(Web page caption snippets)
──────────────────────────────

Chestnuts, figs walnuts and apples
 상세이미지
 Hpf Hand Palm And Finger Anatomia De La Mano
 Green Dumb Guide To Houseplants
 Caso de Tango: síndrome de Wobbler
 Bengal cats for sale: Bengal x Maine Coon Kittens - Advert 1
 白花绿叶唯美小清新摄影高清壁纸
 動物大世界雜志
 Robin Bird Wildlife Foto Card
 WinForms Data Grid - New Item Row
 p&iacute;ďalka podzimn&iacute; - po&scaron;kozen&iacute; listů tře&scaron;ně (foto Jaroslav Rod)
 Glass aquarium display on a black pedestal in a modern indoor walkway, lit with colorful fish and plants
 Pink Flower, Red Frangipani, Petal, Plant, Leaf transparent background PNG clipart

──────────────────────────────

▶ Task prompt
Would you please set down the lines from the one with "Glass aquarium display" to the end of the data above, exactly and without any other lines?

▶ Solution below
 Glass aquarium display on a black pedestal in a modern indoor walkway, lit with colorful fish and plants
 Pink Flower, Red Frangipani, Petal, Plant, Leaf transparent background PNG clipart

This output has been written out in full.